Viewing a single comment thread. View all comments

ThatInternetGuy t1_ir9v9aj wrote

Yes, 25% improvement.

My point is, Nvidia CUTLASS has practically improved matrix multiplication by 200% to 900%. Why do you guys think matrix multiplication is currently slow with GPU, I don't get that. The other guy said it's an unsolved problem. There is nothing unsolved when it comes to matrix multiplication. It has been vastly optimized over the years since RTX first came out.

It's apparent that RTX Tensor Cores and CUTLASS have really solved it. It's no coincidence that the recent explosion of ML progresses when Nvidia put in more Tensor Cores and now with CUTLASS templates, all models will benefit from 200% to 900% performance boost.

This RL-designed GEMM is the icing on the cake. Giving that extra 25%.

0

ReginaldIII t1_ir9w5x1 wrote

> It's apparent that RTX Tensor Cores and CUTLASS have really solved it.

You mean more efficiency was achieved using a novel type of hardware implementing a state of the art algorithm?

So if we develop methods for searching for algorithms with even better op requirements, we can work on developing hardware that directly leverages those algorithms.

> Why do you guys think matrix multiplication is currently slow with GPU, I don't get that.

I don't think that.
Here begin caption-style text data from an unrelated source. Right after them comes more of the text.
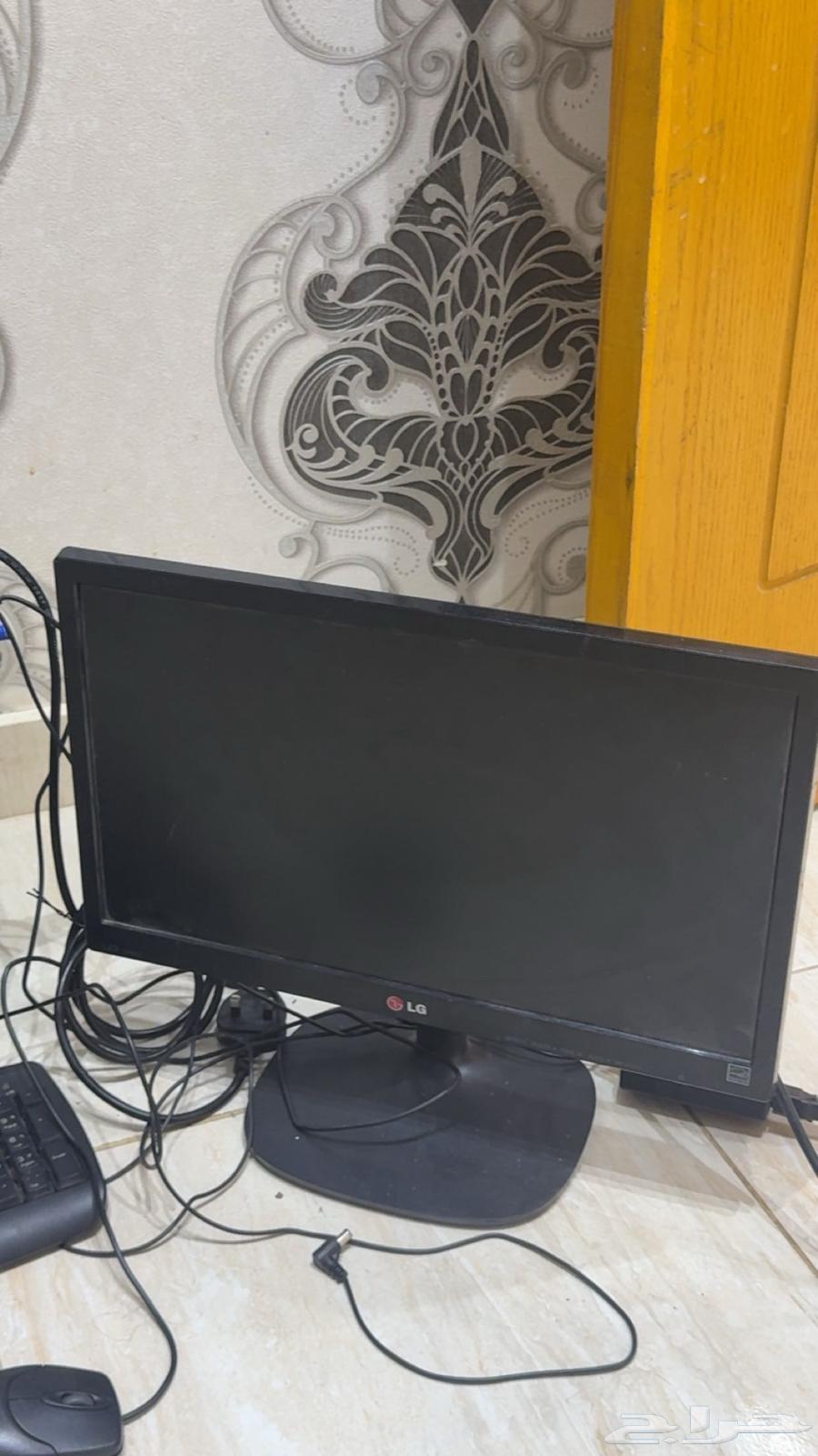 All items are good except the iron, the handle is broken but can be fixed64469028033922111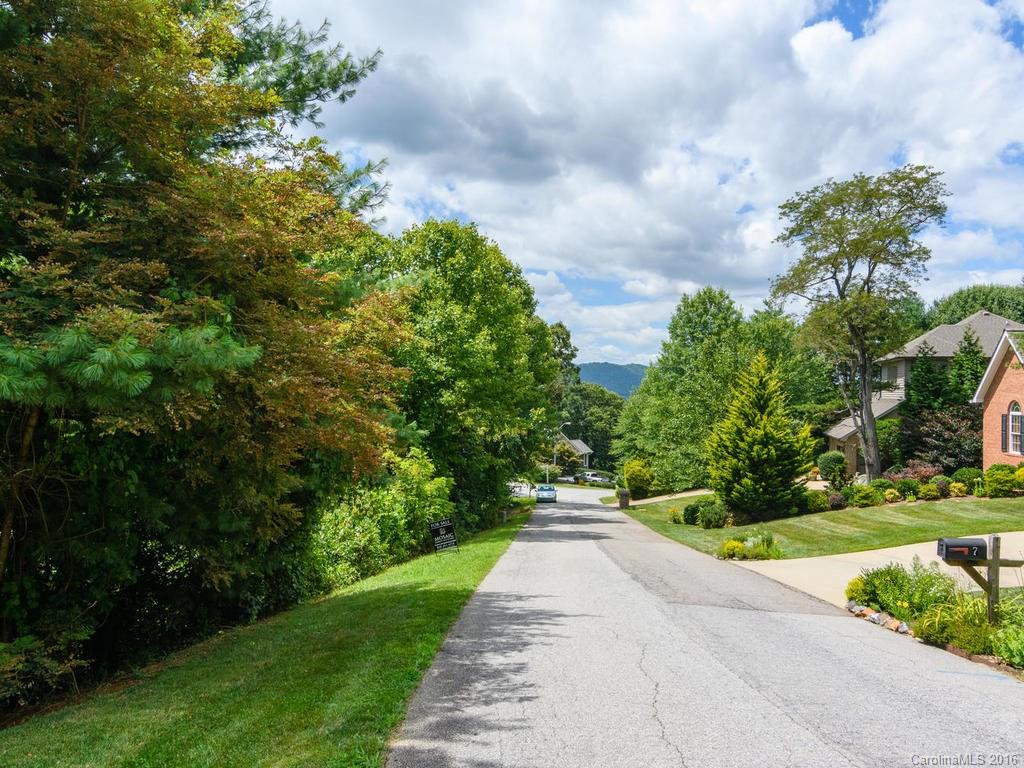 8 Valley Drive Weaverville NC 28787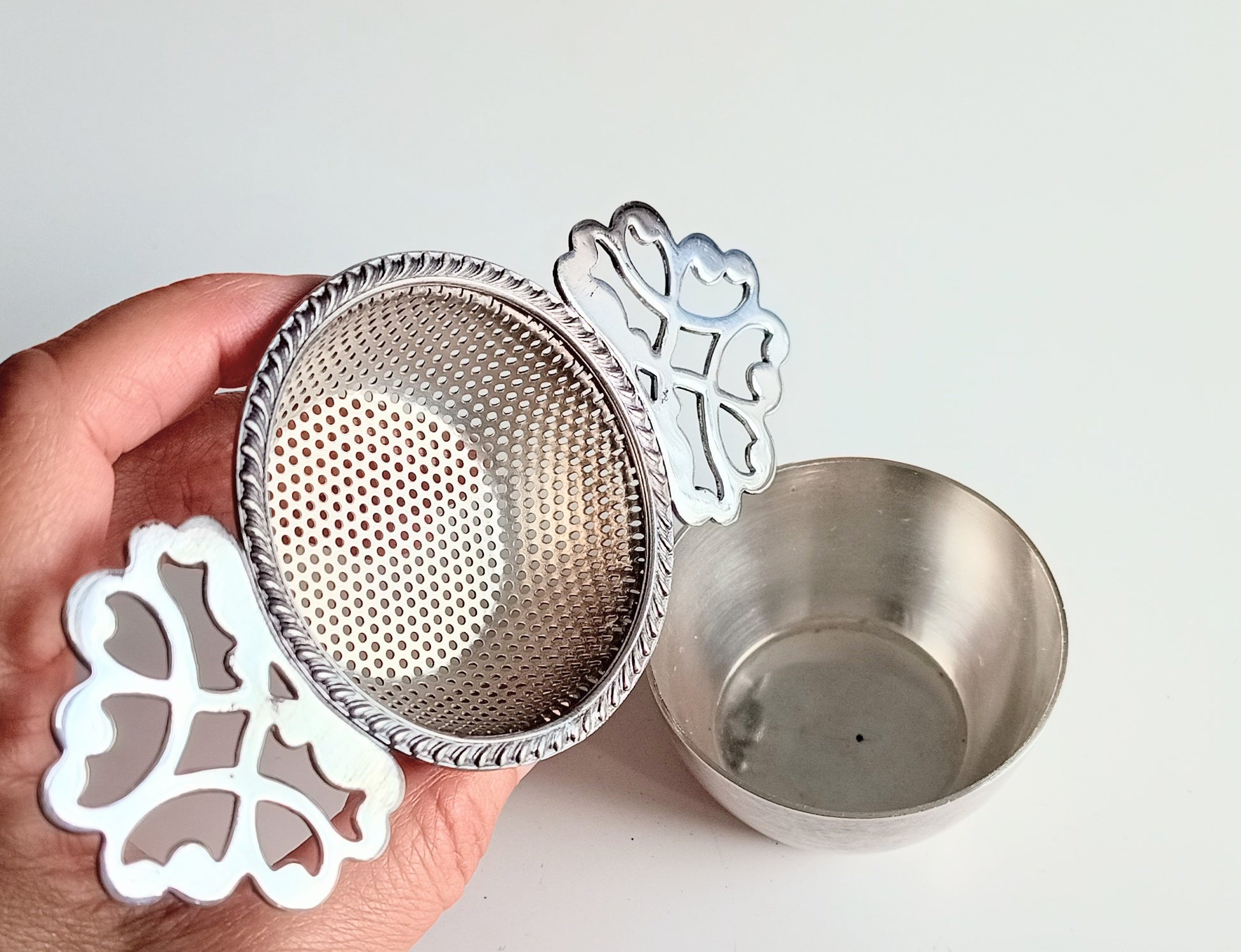 Vintage English Silver Plate Art Deco Two Part Tea Strainer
I think that developing new hardware and implementing new algorithms that leverage that hardware is how it gets even faster.

And it's an absurd statement for you to make because it's entirely relative. Go back literally 4 years and you could say the same thing despite how much has happened since.

> This has never been figured out for ages; however, it's up to the debate if the AI could improve the

> The other guy said it's an unsolved problem. There is nothing unsolved when it comes to matrix multiplication. It has been vastly optimized over the years since RTX first came out.

The "other guy" is YOU!

3

ThatInternetGuy t1_ir9zlmq wrote

This is not the first time RL is used to make efficient routings on the silicon wafers and on the circuit boards. This announcement is good but not that good. 25% improvement in the reduction of silicon area.

I thought they discovered a new Tensor Core design that gives at least 100% improvement.

0